When Derek Sheppard started working on plans to open a new sushi restaurant, a couple of people got in his way: his two kids.
"Another sushi restaurant?" they said with a sigh to their father, who helped conceive and design the first three Piranha Killer Sushi restaurants in North Texas. Dad made a deal: Sheppard told them if they could come up with a better idea for a new restaurant, he'd open it.
The next day, Sheppard says, 9-year-old Kendall and 10-year-old Creed handed over their plans for a burger-and-shake saloon. Sheppard ran with it, turning an auto-upholstery shop into a rustic burger joint warmly decorated with yesteryear soda-pop signs, an old Coke cooler, charmingly mismatched chairs and a shotgun bar.
Opened a year ago in a strip mall near River Oaks, Horns Burger Saloon isn't a bar-bar; only beer and wine are served. When you ask about drink specials, you're more likely to hear about the root beer floats ($3.99) made with Blue Bell vanilla ice ream and Barq's root beer. This is a family-friendly place, with kids' meals and fun desserts like funnel cake fries, chocolate shakes and fried peanut butter and jelly sandwiches. There are live bands on the weekends, but nothing too rowdy.
While conceptualizing the restaurant, Sheppard flew across the country in search of burger-joint ideas. He came home, however, just wanting to do classic 80/20 USDA burgers, the half-pound patties formed by hand and cooked on a flat-top grill, with a few up-a-notch touches, specifically house-made sauces.
That's what made our first Horns burger, the Wrangler ($7.75), so good: a thin, sweet barbecue sauce made with Rahr & Sons Ugly Pug. The meat was a little overcooked beyond the requested medium-rare, but there was still enough pink inside and juice outside to get a good beefy flavor. The patty had a great char on it, too.
Two strips of bacon were perfect -- not so crisp that they crumbled and not too gummy that you had to tear at them. The burger was also topped with melted cheddar and sliced jalapeños, but what sealed the deal were the onion strings, thin and crisp. This was a great burger.
Another hit was the mushroom-Swiss burger ($6.99), loaded with crisp iceberg lettuce, tomatoes, thick slices of Swiss cheese and sauteed mushrooms (veggies are available on all burgers, if you ask for them). The patty was cooked medium, as we requested. (A not-on-the-menu tip: Ask about the Bonnie & Clyde burger, $7.95. It comes topped with a fried egg and served on Texas toast.)
Both burgers we had came on white, lightly buttered and grilled Mrs Baird's buns. Wheat buns are also available.
Other slightly more health-conscious choices include the terrific "Dirty Sanchez" ($7.49), a grilled chicken sandwich that spotlighted the restaurant's house-made chipotle, a pinkish sauce that was pleasingly spicy and tangy. The tender grilled chicken breast was also topped with pico de gallo and pepper jack cheese -- this isn't a sandwich for the squeamish.
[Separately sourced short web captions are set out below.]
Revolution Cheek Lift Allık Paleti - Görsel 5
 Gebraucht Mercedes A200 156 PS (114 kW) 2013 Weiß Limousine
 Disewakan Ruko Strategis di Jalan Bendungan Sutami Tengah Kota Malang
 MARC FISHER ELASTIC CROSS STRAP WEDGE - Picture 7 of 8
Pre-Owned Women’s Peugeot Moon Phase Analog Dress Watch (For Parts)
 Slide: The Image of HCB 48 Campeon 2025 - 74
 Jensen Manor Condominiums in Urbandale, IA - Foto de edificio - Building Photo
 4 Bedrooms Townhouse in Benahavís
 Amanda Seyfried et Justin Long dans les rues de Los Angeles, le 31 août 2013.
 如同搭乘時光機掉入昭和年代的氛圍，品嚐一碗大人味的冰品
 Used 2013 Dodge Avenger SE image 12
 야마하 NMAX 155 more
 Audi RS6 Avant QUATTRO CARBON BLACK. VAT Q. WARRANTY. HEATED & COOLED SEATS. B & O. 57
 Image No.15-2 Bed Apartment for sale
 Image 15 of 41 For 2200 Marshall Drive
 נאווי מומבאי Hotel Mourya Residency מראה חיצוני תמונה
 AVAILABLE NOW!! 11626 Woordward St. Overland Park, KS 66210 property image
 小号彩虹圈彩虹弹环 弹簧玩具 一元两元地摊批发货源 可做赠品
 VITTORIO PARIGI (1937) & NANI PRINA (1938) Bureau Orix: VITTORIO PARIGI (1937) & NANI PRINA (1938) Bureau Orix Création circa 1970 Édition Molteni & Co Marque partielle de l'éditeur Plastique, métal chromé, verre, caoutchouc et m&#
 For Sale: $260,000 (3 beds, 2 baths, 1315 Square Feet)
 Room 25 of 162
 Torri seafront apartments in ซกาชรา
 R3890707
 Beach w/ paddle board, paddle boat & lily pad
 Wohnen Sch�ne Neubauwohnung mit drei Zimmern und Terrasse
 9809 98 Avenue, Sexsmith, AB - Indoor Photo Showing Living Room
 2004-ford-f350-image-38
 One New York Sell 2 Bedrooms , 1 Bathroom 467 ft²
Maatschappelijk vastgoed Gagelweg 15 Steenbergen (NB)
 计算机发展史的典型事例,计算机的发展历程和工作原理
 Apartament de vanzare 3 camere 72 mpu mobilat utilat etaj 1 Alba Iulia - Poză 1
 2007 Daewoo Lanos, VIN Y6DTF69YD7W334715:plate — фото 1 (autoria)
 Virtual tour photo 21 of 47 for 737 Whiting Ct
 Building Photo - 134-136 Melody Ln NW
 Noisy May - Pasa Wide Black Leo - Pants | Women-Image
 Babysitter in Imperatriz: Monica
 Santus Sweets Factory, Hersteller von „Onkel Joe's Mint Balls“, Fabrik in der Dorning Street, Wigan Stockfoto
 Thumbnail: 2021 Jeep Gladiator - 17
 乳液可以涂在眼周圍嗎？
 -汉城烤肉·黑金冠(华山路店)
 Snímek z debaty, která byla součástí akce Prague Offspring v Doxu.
Sides include pickle chips, sweet potato fries served with marshmallow dip and excellent long-cut fries, skins still on and nicely salted. A warning about the sides: They're not served with burgers and cost extra, $2-$6. But the serving size is big enough to share.
For dessert, we tried the funnel cake fries ($4.99), strips of fried dough dusted with powdered sugar. Served in a basket with red and white checkered paper, they were silly and fun and bloatingly filling.
Service was friendly, if not confusing at first. It's a table-service restaurant but you seat yourself in one of the two small dining rooms and wait for a server to bring menus. A big pool table sits in the smaller of the rooms, but Sheppard says he's in the process of having it removed to make more space for diners. He's gonna need it.